Beth Mooney, the chairman and chief executive of KeyCorp (KEY), also had growth in mind. In January, the Cleveland company agreed to buy 37 upstate New York branches that First Niagara Financial (FNFG) had to divest as part of its own deal with HSBC (HBC). KeyCorp also agreed to buy back its credit card portfolio as part of an effort to issuing its own cards, though Mooney was careful to note that her company was not aiming to become an aggressive consolidator.

"There is no pressure to do deals," Mooney said during a January interview. "The words we consistently use are 'disciplined' and 'opportunistic.' … We are trying to set very much a tone of patience, long-term thinking, strategic vision and a strategy that makes sense to stay the course."

Another opportunistic acquirer was Richard Fairbank at Capital One. A year ago, industry observers were curious if the McLean, Va., company was going to secure regulatory approval for two significant deals: the online bank ING Direct and the credit card portfolio of HSBC.

Fairbank successfully navigated the regulatory process and secured approval for both acquisitions; the company last month rebranded the ING Direct business as Capital One 360.

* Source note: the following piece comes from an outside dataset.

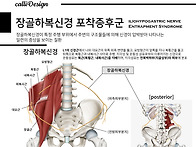 장골하복신경 포착..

Finally, there were bankers who ran into walls during the year. John Kanas, the chief executive of BankUnited (BKU) in Miami Lakes, Fla., certainly fit that description.

For half of 2012, Kanas and a top lieutenant were engaged in litigation with Capital One, which had claimed that its former executives had violated a noncompete agreement when they agreed to buy a New York bank. The parties settled the matter in June, with Kanas cutting his former employer a hefty check and agreeing to hold off on New York expansion until early 2013.

BankUnited also found itself in the news in early January, after word leaked that the Miami Lakes, Fla., company had hired an investment bank and was looking to sell itself. The company's brief flirtation with selling ended after a lukewarm response from potential bidders.

"Obviously that was embarrassing and we had to take our share of heat over that," Kanas said in a recent interview.